Prep school in Pasadena, California, US

Polytechnic School, often referred to simply as Poly, is a college preparatory private day school located in Pasadena, California with approximately 850 students enrolled in grades Kindergarten through 12.

The school is a former member of the G20 Schools group.

== History ==
The school was founded in 1907 as the first non-profit, independent school in Southern California. It descends from the Throop Polytechnic Institute founded by Amos G. Throop, the same institution that grew into the present California Institute of Technology.

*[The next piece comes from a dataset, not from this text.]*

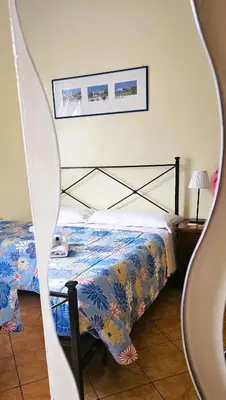 a bedroom with a bed with a blue comforter at Titina B&B in Rome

In the spring of 1907, the Institute decided to focus on the college level and closed the grammar school. Citrus tycoon and noted eugenicist Ezra S. Gosney donated $12,500, a sum matched by twelve other donors. This money allowed them to purchase the property at the present site, originally an orange grove. The school opened in October 1907 with 106 students. At the time, the school was named Polytechnic Elementary School. The school added a ninth grade in 1918 and expanded to high school in 1959. Polytechnic ended its pre-kindergarten program in 2005.

== Academics ==
Poly has a rigorous academic curriculum, which includes Advanced Placement and Honors classes as well as arts and athletic programs. In 2006, Poly was named a world leader in student participation and performance on Advanced Placement exams by the College Board. The school frequently had the highest percentage of its students receive a 3 or above on the AP Calculus AB examination when compared to all other small schools administering the test across the globe, according to the College Board.

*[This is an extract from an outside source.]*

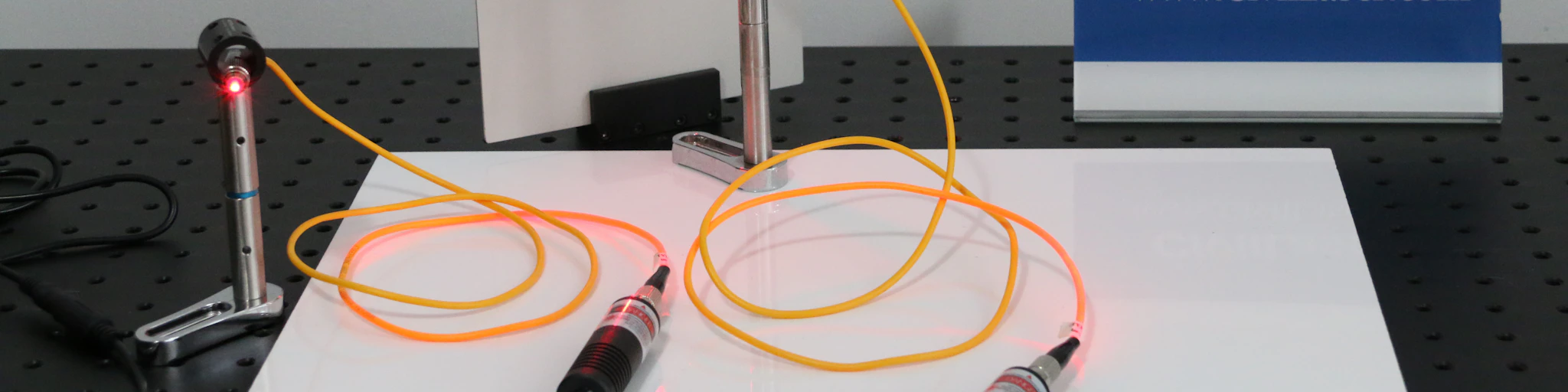 black and gray corded laser machine tool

In recent years, the most popular college destination for Poly students was the University of Southern California. The Wall Street Journal ranked Poly 4th in the world as a feeder school for "elite colleges," including Harvard University, Princeton University, Massachusetts Institute of Technology, Williams College, Pomona College, Swarthmore College, the University of Chicago and Johns Hopkins University. In the 2016-17 class, 35% of the class were National Merit Semi-Finalists & Commended students and 80% of students were accepted to 'highly-selective' top tier universities (institutions with an admit rate of 30% or lower).

Los Angeles Magazine has also consistently recognized Poly as one of the best high schools in Los Angeles. The September 2008 issue praised Poly for its "national reputation for producing scholars, artists and athletes." Using test score data, the September 2014 issue of Los Angeles Magazine ranked Poly 2nd of 75 Los Angeles high schools. With an average score of 2150, Poly students had the highest average SAT score of any school included in the rankings. The Washington Post ranked Poly the 84th most challenging high school in the United States in 2017. In their 2022 evaluations, Niche ranked Poly as the 3rd best private high school in Los Angeles, the 9th best private high school in California, and the 36th best private high school nationally.

== Campus ==
Polytechnic School covers 15 acres and is divided by Cornell Road into two campuses, north (Lower and Middle School) and south (Upper School), and is adjacent to the Caltech campus. Most of the North Campus buildings were designed by Myron Hunt, who also designed the Rose Bowl and The Huntington, and Elmer Gray, who designed the Beverly Hills Hotel and the Pasadena Playhouse. Some of the classrooms on the lower campus were also done by Gordon Kaufmann, and Roland Coate. The Cornett Mansion (now called the Haaga House) in the south campus was designed in 1907 and serves as the administration building and houses several classrooms for the Upper School. Facilities include a Lower and Middle School Library, Upper School Library, Pool, Boys and Girls Gyms, Athletic field, Performing Arts Center, and historic as well as new classrooms.

== Athletics ==
Poly's Athletic Department currently offers 25 Varsity sports in the three seasons of play and is a member of the Prep League. Poly has been competing in the California Interscholastic Federation (CIF) since 1962. In 2016–17, 82% of the students in the Upper School participated in some type of sport.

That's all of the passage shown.